Feasibility and acceptability of this intervention were demonstrated in this study. While important determinants of adoption, it would also be necessary to demonstrate effectiveness of an e-parenting intervention within the pediatric trauma center. In this study, there were no changes in adolescent substance use or perception of parenting behaviors at 6-month follow-up. However, our small sample was not powered to detect change in these behaviors. Further study with a larger sample is necessary to determine if an e-parenting skills intervention has an effect on parenting skills and adolescent risk behaviors, such as alcohol and substance use. There did appear to be an increase in parenting behaviors at 3 months (the end of the intervention period for the experimental condition). This may suggest that an intervention that would engage parents for a longer duration might be more beneficial.

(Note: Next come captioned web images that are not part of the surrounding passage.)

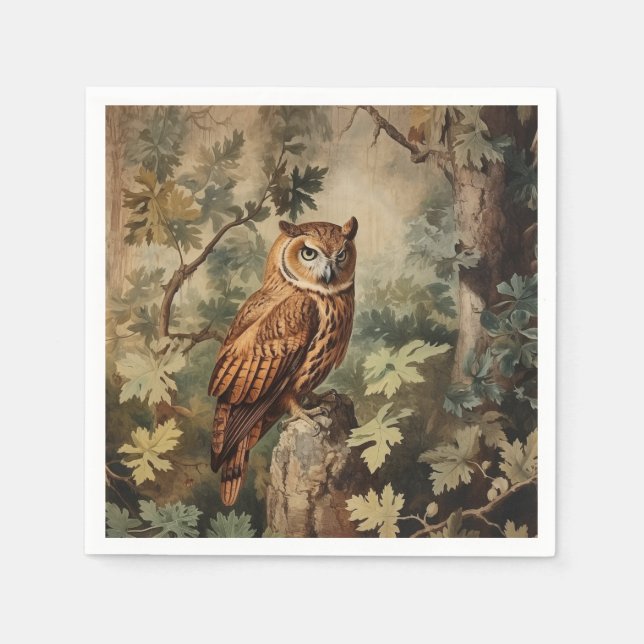 Majestic Owl in a Forest Napkin (Front)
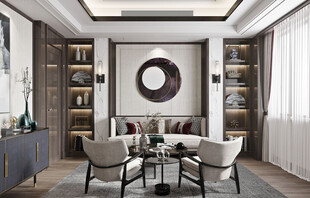 现代简约高级感新中式复古风客厅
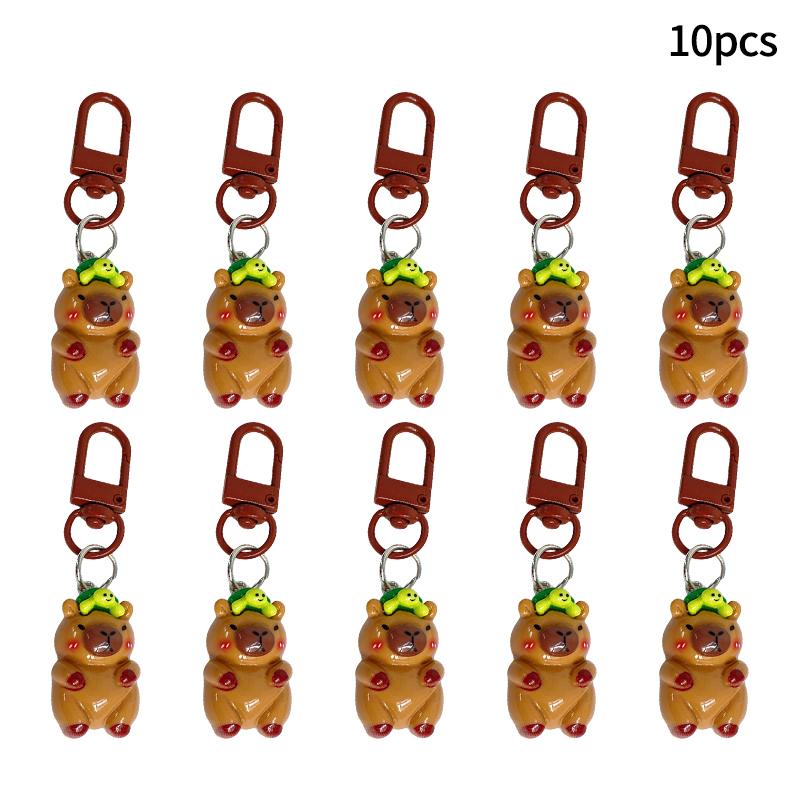 10Pcs Set Kapibala Hairpin Animation Sunglasses Capybara Headband Keychains Gifts For Guests Phone Bag Animal Pendants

Our study findings have several limitations. Our sample was small and somewhat homogenous, and other parents of adolescents might respond differently. The sample was also not powered to detect modest changes in teen behaviors. Furthermore, only slightly more than half of qualifying dyads approached agreed to participate. Although many of these refused because of not wanting to participate in research, it is uncertain if more would accept a parenting skills program if it was offered as routine clinical care.
Our study found that it is feasible to include a parenting skills program at pediatric trauma centers and a text component would be well received, while website components might be utilized much less. Furthermore, during the intervention period, parental monitoring can increase, but it may be difficult to sustain that increase after the intervention terminates. More research is necessary to better understand the impact of an electronically delivered parenting program within the pediatric trauma center.
Acknowledgments
This study was supported through funding by National Institute of Alcohol Abuse and Alcoholism 1R21AA024185. The content is solely the responsibility of the authors and does not necessarily represent the official views of the National Institutes of Health.
Disclosure Statement
No competing financial interests exist.